La grandeza del ser humano no estriba en aceptar exclusivamente todo aquello con lo que concuerda sino, al contrario, en comprender las razones por las cuales existen personas que piensan distinto y expresan ideas desde ángulos diversos y hasta irreverentes.

No se trata de aceptar cualquier cosa, grotesca, burda o baladí. Las expresiones y pensamientos no pueden ser reprimidos o censurados. Un credo no se defiende con la exigibilidad de respeto sino con la fuerza de hechos y obras que demuestren nuestra cercanía a sus postulados y principios.

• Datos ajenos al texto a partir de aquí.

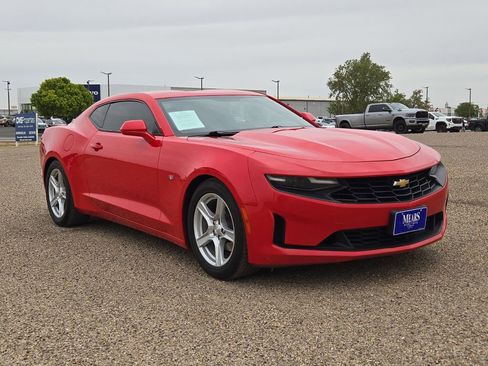 Used 2022 Chevrolet Camaro LT RWD image 7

La blasfemia se refiere a toda palabra o expresión injuriosa que se ofrece contra una divinidad o contra cosas consideradas sagradas, en tanto que la herejía guarda relación con opiniones o ideas que se oponen a las creencias consideradas irrevocables en un contexto social o religioso, pues existen dogmas o doctrinas que no pueden ser superados.

La historia nos ha mostrado casos como la Inquisición, Charlie Hebdo, Salman Rushdie y las caricaturas danesas. Los fundamentalismos generaron reacciones que vulneraron la paz, la comprensión de la diferencia, la libertad de expresión y la libertad de conciencia.

Es triste que nos quedemos en la forma cediendo a lo importante, como el hecho obsceno de que muchos católicos permitan gobiernos que se burlan de sus derechos y se rasgan las vestiduras con muestras de arte que, aunque de mala factura, tienen el derecho de mostrarse en cualquier lugar.

Una exposición no merece censura, debe ser la oportunidad para mostrar que la Iglesia se preocupa por las cosas que son más importantes para la espiritualidad sin detenerse ante críticas que pueden servir para reflexionar o para robustecerse. La blasfemia, aunque duela o moleste, es un derecho de todo ciudadano.